In October 2017 paper Problem 5 While converting NDetG to DetG we remove all unsafe states. Why we removed initial state ? Initial state is reaching to acceptance state why it is unsafe state as well. When there is Initial state how We apply subset construction?

in # Study-Organisation (Master) by (190 points)

2 Answers

+1 vote
For ω-automata with G/F/FG/GF-acceptance, we always have to determine a set of accepting states which is done completely independent of the definition of initial states. Thus, a state can be either initial or accepting, or both or neither of the two. In particular, initial states may not be accepting states.

In case of NDet-G automata, this is however unfortunate, since the G-acceptance demands that a run is accepting iff it only runs through safe states, i.e., accepting states. If an initial state of NDet-G automaton is not accepting, it is useless, since none of its outgoing paths can accept a word. Hence, you can safely remove this state without changing the meaning of the automaton. The same holds for any other non-accepting states of NDet-G automata. We therefore can remove them all, just working with the safe (accepting states).

If we do that for the NDet-G automaton of the exam 2013.10.07 (problem 5), an automaton is obtained that has no initial states anymore, thus cannot accept any word. This makes the solution trivial (just list any automaton that accepts no word). The subset construction will then just create one state {} with a self-loop that can be taken for any input (and that state is not a safe/accepting one).
by (170k points)
0 votes
As you have learned, omega-automata have acceptance conditions to decide whether an infinite run is accepting or not. In particular, safety automata have a condition that demands that the run consist only of safe states. A state is thereby safe if it is declared as such, i.e., it is part of the specification to define this.

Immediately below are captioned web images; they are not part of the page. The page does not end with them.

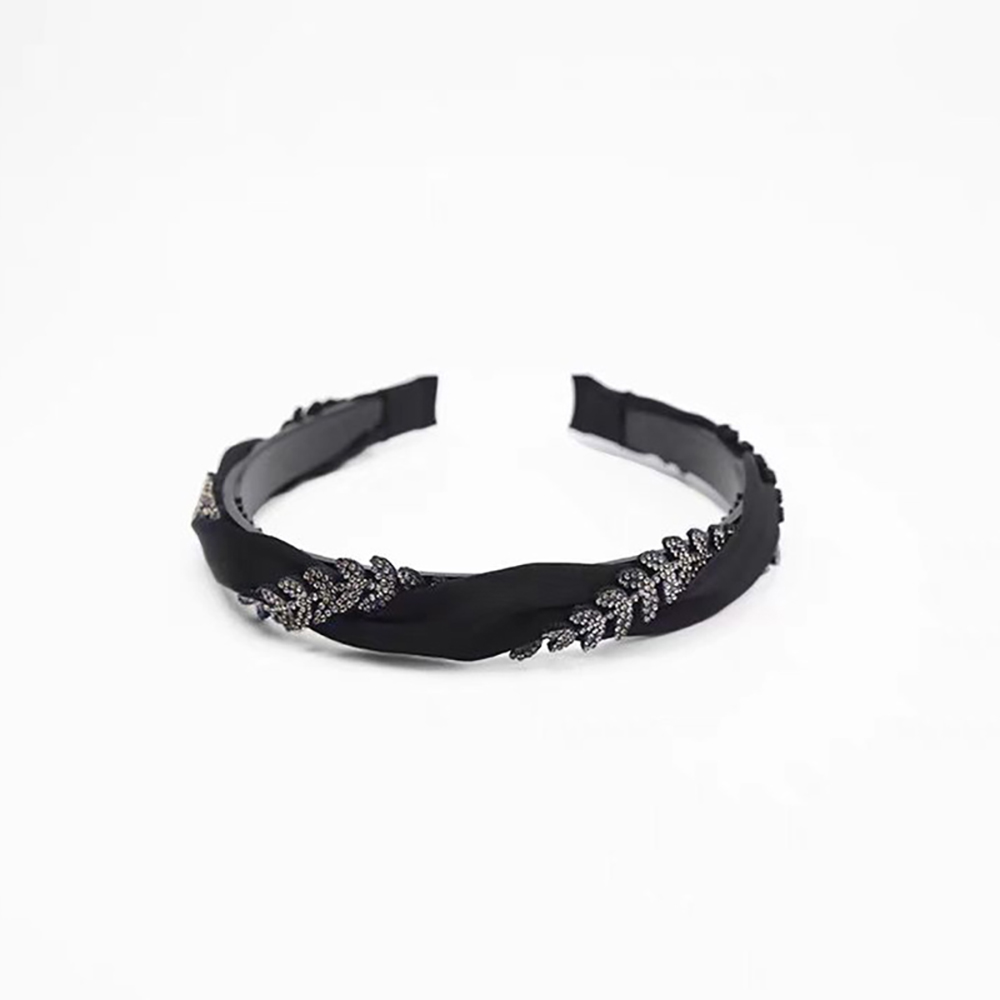 Bandeau à dents, Pince à cheveux simple, Bandeau pour le lavage du visage, Bandeau extérieur, Élastique à cheveux, Accessoire capillaire élégant
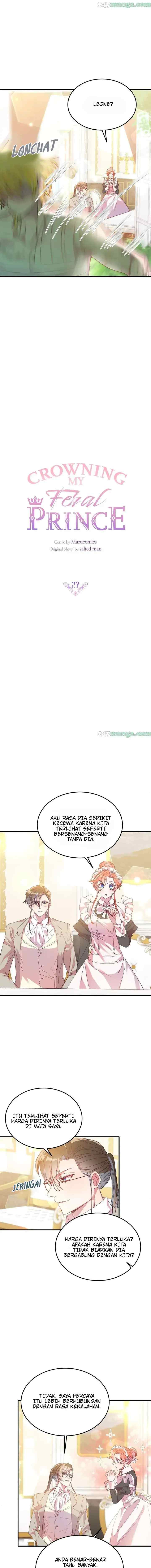 How to Place My Dog on the Throne chapter 27 halaman 4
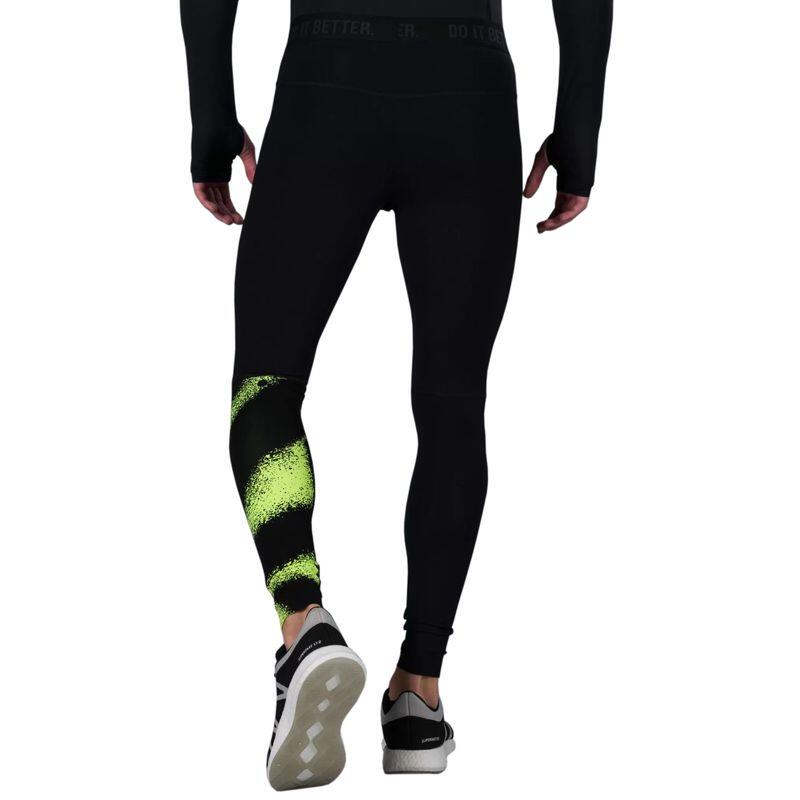Legginsy do biegania męskie Hydrogen Spray Leggings 2/5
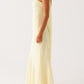 Phebe Maxikleid – Gelb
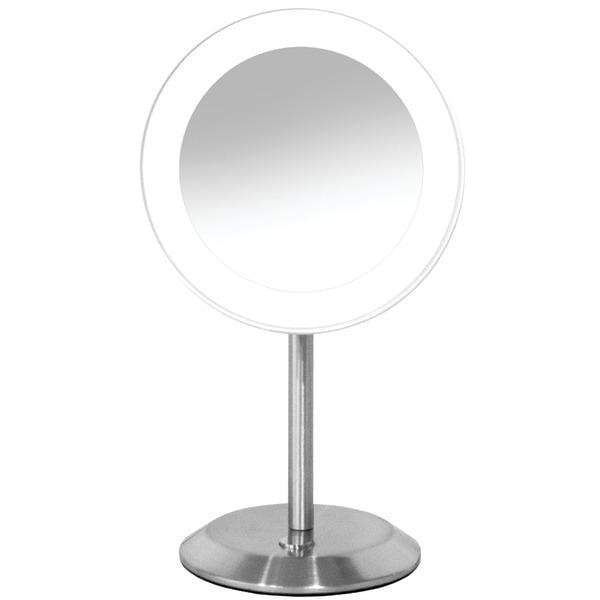 8x LED Single-Sided Mirror-Personal Care-JadeMoghul Inc.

In the exam question you mention, there is only one initial state, namely q0 and the only safe states are q1 and q2. It is pointless to discuss why that is so, it is simply given like that by this exercise, and another exercise may make another choice.

Hence, in this case, none of the runs that start in the initial state will be an accepting run, so that the automaton accepts no word. Removing all unsafe states yields an automaton without initial states, so that also that one does not accept any word. The subset construction could be applied, but again it would yield an automaton without initial states which also does not accept any word.

How is the subset construction applied? Well, as usual, we start with the set of initial states which is in this case the empty set of states {}, and this one is its only successor state for any input. It is not an initial state, however, since it does not contain an initial state. You may try this also with the corresponding teaching tool and you will see the same as written here. Try it and see.

At the end, the exam problem is therefore quite trivial and could be answered without applying any determinization procedure.
by (170k points)
edited by

Related questions

Imprint | Privacy Policy
...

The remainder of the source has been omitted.